--- Supplied records ---
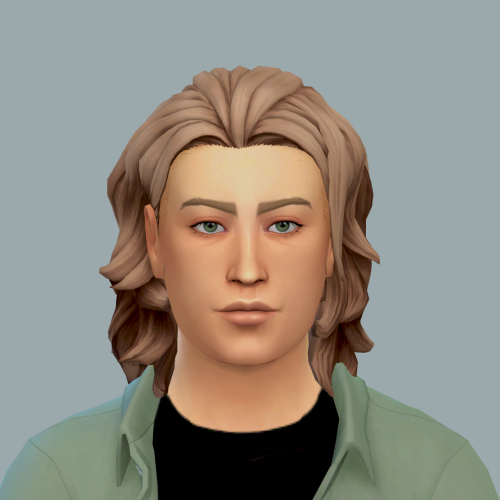 zolliesims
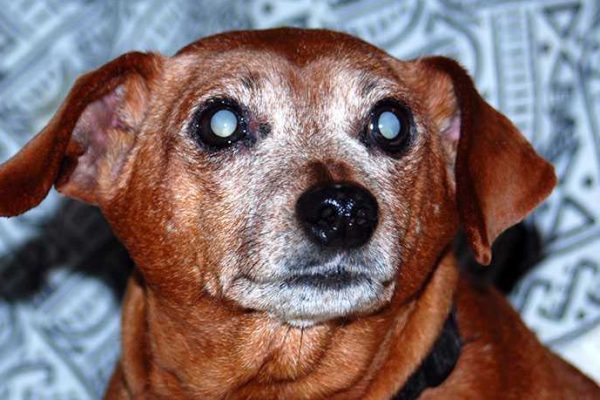 cataracts-in-dogs-0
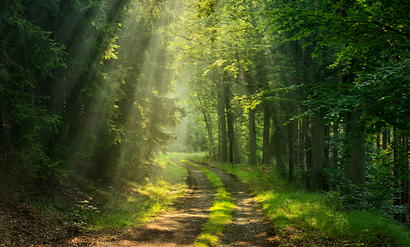 Wie ein Waldspaziergang im Schlaf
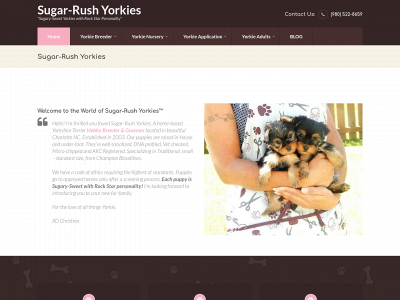 sugarrushyorkies.com snapshot
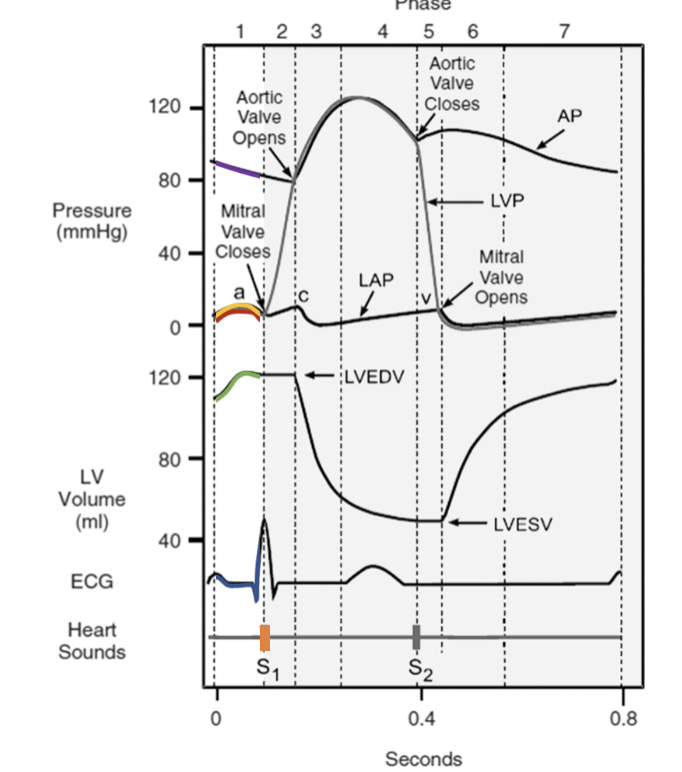 * atria contract
* ventricles in diastole 
  * LVEDV = left ventricle and diastolic volume 
* Pushes last bit of blood into ventricles 
  * increased pressure in ventricles closes AV-valve 
  * heart sound S1 (mitral valve) 
* electrical activity precedes contraction 
* QRS complex starts (ventricular depolarization)
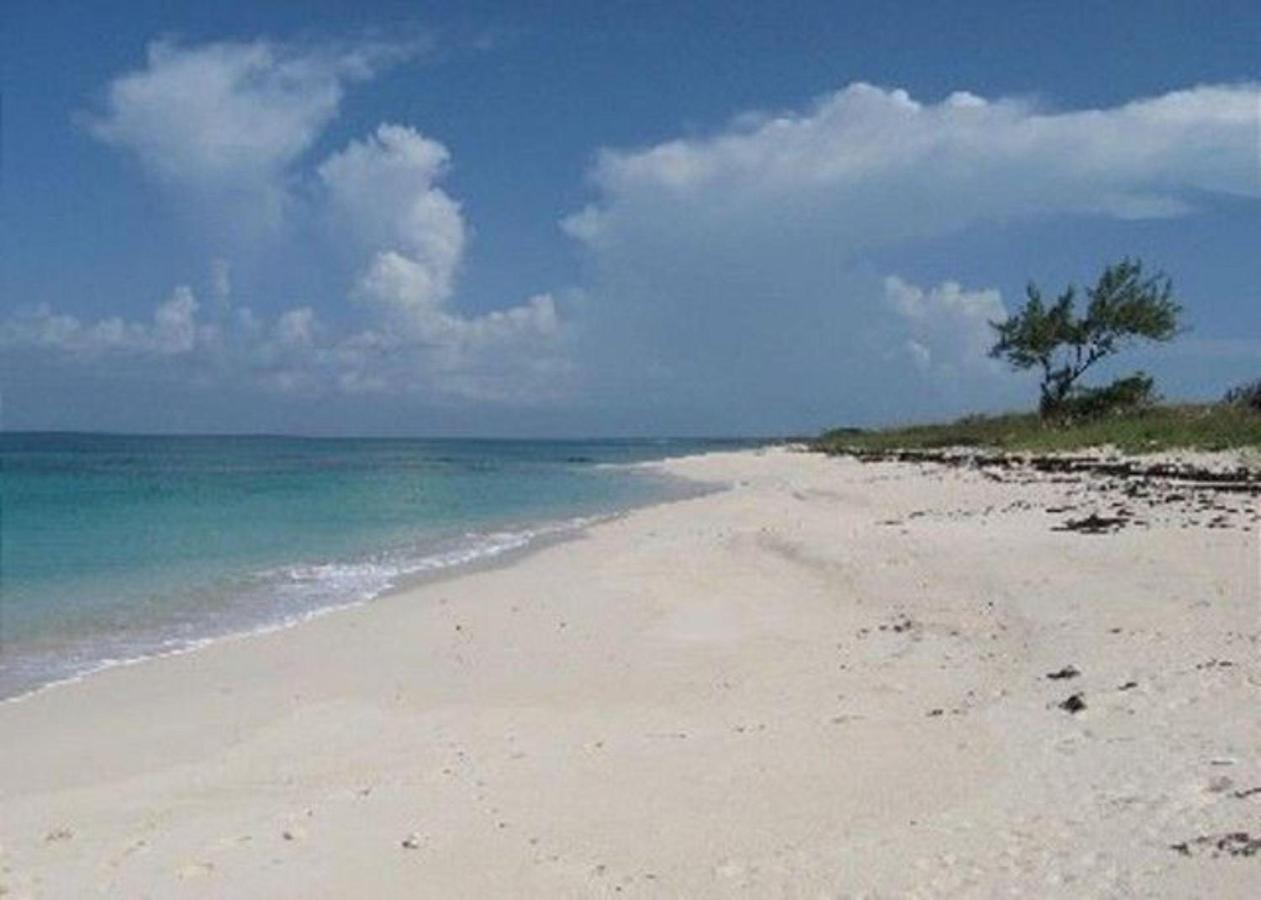 Buttonwood Reserve By Eleuthera Vacation Rentals Governor's Harbour Ngoại thất bức ảnh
---
**Problem statement**
What you write must match, line for line, the lines from the one with "blood into ventricles" through the last line of the data above, minus the pictures.

**Answer space**
* Pushes last bit of blood into ventricles 
  * increased pressure in ventricles closes AV-valve 
  * heart sound S1 (mitral valve) 
* electrical activity precedes contraction 
* QRS complex starts (ventricular depolarization)
 Buttonwood Reserve By Eleuthera Vacation Rentals Governor's Harbour Ngoại thất bức ảnh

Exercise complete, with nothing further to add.